Il prof. Brunetta ci dice che “Il Sud ha bisogno di un nuovo intervento straordinario, ma solo nel senso di mobilitare e mettere a sistema (in rete) strumenti ordinari per obiettivi e risultati straordinari: ovvero, attivare risorse umane, finanziarie e strumentali straordinarie per valorizzare e sviluppare le potenzialità dell’esistente”.

Uno dei punti cardine trattati è quello dell’eliminazione della criminalità organizzata dalla vita del Sud, solo partendo da questo punto iniziale, si potranno poi sviluppare gli altri punti necessari per il concreto sviluppo del meridione. La legalità è il primo punto della sua agenda personale per il sud. Dobbiamo dire di condividere pressoché totalmente questa sua analisi. Continuare ad investire sul marciume illegale, che oggi il sud è, è inutile, anzi è dannoso, perché non si farebbe altro che foraggiare ed arricchire ulteriormente chi sguazza nel malaffare.

Il Prof.

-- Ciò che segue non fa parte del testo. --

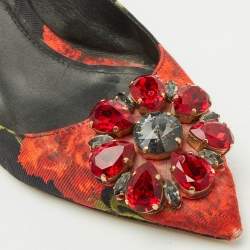 Pre Owned Dolce & Gabbana Black Brocade Floral Fabric Crystal Embellished Slingback Pumps Size 39.5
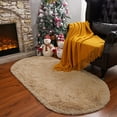 thumbnail image 7 of Junovo Oval Fluffy Area Rugs for Bedroom Plush Shaggy Carpet for Kids Room Bedside Nursery Mats, 2.6' x 5.3',Tan, 7 of 7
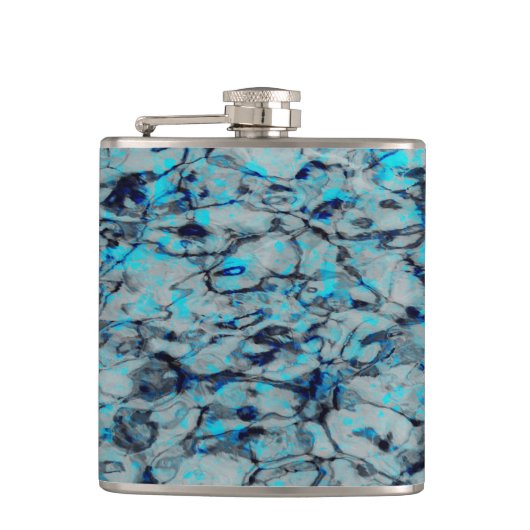 青カッコいい水モダン色のデジタルアート フラスク (正面)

Brunetta afferma senza mezzi termini che il problema del sud, deve interessare anche il nord d’Italia e d’Europa, perché il sud può diventare la porta verso tutto il bacino del mediterraneo, che sta crescendo a tassi molto più sostanziosi di quelli europei e che quindi sarà presto un fattore di sviluppo per la stessa Europa.

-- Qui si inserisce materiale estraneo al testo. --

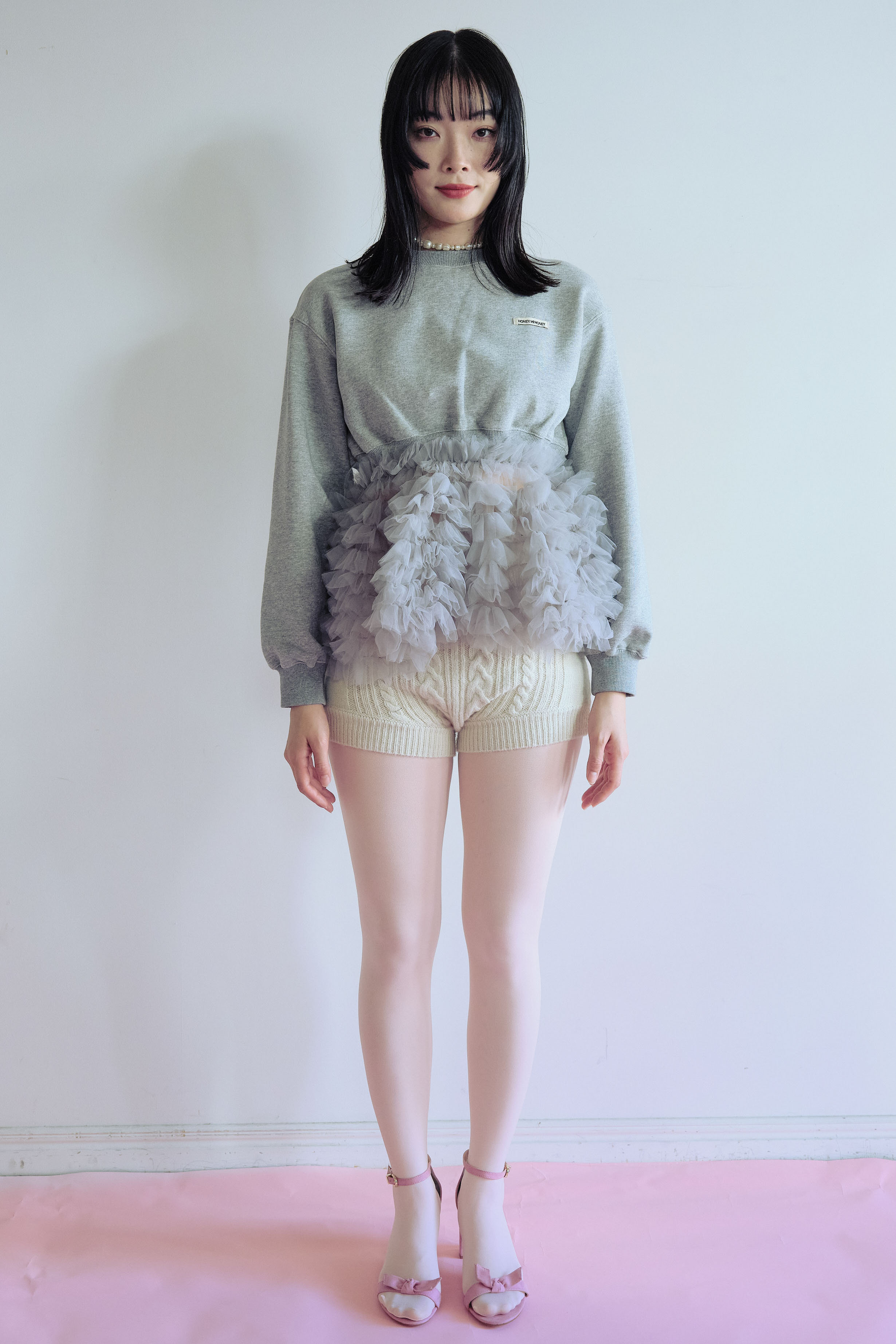 HONEY MI HONEY｜ケーブルニットショートパンツ｜大人可愛い冬ボトム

L’Italia non può mancare questo appuntamento con il futuro, un futuro che passa anche dal nostro sud, dalle nostre terre, dalle nostre idee. Speriamo di vederlo questo futuro forse è la nostra ultima possibilità di uscire dal sottosviluppo.

 

Renato Brunetta è professore ordinario di Economia del lavoro presso l’Università degli Studi di Roma Tor Vergata.